What is expected.
Taking the line with "96304MF/BRB ELMARK ALEK" as the first and the last line of the listing as the final one, please copy exactly those lines and no others, without pictures.

────────

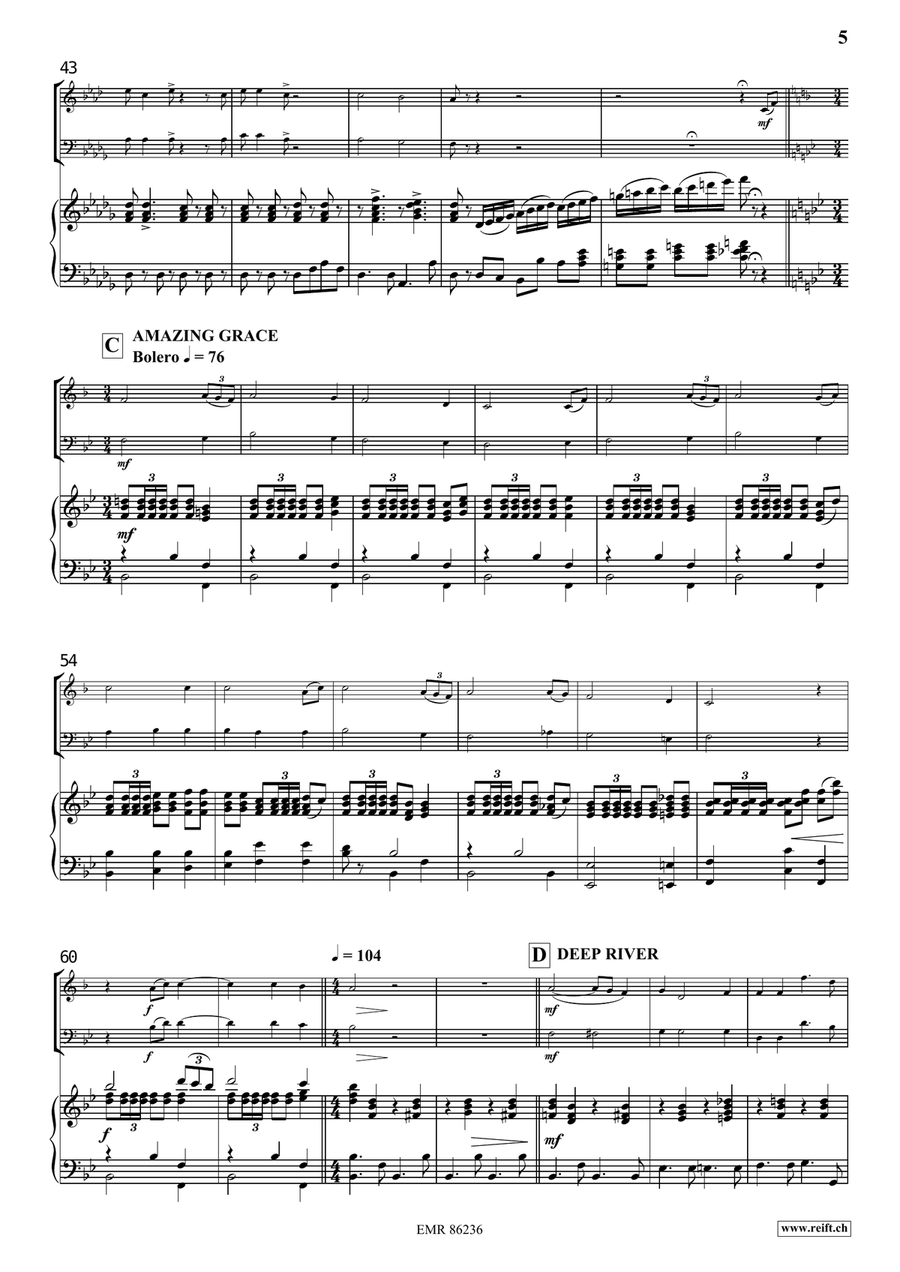 Gospel Gospel Horn scores gallery preview page 6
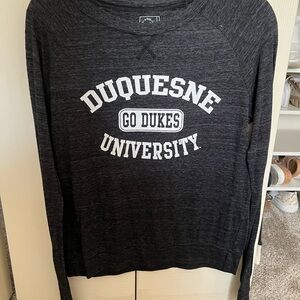 Duquesne University Dark Gray Long Sleeve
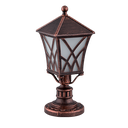 96304MF/BRB ELMARK ALEK LANTERN STAND 1XE27 BLACK RED BRASS H370mm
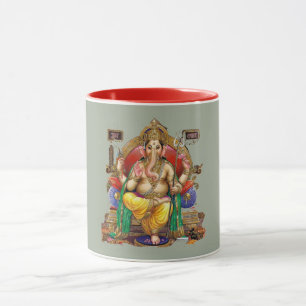 Om Lord Ganesh, Hindu God of Wealth & Happiness Mug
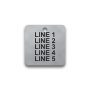 Engraved Stainless Steel Valve Tag - 1 1/2" Square - 3/16" Text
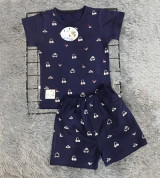 Bán buôn bộ cộc tay bé trai in hình TA S1-S3 (nhiều màu)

────────

Answer area.
 96304MF/BRB ELMARK ALEK LANTERN STAND 1XE27 BLACK RED BRASS H370mm
 Om Lord Ganesh, Hindu God of Wealth & Happiness Mug
 Engraved Stainless Steel Valve Tag - 1 1/2" Square - 3/16" Text
 Bán buôn bộ cộc tay bé trai in hình TA S1-S3 (nhiều màu)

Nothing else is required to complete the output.